Information provided:

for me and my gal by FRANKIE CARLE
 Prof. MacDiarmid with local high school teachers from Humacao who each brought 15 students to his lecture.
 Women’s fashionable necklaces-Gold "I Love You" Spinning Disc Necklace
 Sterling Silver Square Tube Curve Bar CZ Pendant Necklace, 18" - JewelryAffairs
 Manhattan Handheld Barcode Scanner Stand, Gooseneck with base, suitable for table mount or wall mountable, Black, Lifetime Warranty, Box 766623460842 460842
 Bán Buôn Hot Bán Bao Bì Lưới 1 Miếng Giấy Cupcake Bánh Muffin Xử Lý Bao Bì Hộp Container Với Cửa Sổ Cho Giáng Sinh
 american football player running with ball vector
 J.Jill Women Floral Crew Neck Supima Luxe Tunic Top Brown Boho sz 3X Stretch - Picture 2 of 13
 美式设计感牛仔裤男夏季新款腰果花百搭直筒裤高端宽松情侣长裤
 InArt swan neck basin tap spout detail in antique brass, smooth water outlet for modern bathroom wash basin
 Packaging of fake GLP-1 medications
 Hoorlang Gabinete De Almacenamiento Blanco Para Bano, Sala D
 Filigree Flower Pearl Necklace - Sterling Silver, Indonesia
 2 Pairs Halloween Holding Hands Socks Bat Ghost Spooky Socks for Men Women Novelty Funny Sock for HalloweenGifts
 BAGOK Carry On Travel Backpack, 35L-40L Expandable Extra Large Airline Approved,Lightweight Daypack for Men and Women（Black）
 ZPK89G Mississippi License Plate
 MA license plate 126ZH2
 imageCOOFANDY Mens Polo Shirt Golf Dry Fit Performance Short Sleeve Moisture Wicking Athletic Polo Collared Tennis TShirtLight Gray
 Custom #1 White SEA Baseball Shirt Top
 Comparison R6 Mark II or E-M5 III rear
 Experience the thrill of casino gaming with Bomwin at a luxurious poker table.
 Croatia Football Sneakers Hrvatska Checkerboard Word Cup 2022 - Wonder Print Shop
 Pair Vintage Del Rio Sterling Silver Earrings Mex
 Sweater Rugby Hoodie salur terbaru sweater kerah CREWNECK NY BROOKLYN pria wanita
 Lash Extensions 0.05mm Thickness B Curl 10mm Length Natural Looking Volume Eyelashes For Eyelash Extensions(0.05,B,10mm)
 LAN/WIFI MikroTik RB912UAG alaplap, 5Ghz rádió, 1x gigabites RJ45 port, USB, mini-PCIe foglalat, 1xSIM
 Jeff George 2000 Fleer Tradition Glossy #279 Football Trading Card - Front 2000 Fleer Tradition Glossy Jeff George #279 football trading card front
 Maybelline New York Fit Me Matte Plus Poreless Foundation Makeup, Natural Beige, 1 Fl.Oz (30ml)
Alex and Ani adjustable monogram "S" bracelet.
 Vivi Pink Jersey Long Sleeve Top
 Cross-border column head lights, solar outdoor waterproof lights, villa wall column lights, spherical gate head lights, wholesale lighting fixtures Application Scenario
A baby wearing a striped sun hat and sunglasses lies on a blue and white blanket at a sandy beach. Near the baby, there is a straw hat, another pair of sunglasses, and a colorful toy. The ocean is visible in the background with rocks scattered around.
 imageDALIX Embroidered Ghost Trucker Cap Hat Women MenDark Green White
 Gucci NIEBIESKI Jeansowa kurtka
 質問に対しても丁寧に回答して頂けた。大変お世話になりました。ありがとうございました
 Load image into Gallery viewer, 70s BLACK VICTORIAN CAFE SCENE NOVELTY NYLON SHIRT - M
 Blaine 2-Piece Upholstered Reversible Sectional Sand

Task goal: Find each line holding the string "Necklace" in the listing above, then copy it.

Solution for this task:
 Women’s fashionable necklaces-Gold "I Love You" Spinning Disc Necklace
 Sterling Silver Square Tube Curve Bar CZ Pendant Necklace, 18" - JewelryAffairs
 Filigree Flower Pearl Necklace - Sterling Silver, Indonesia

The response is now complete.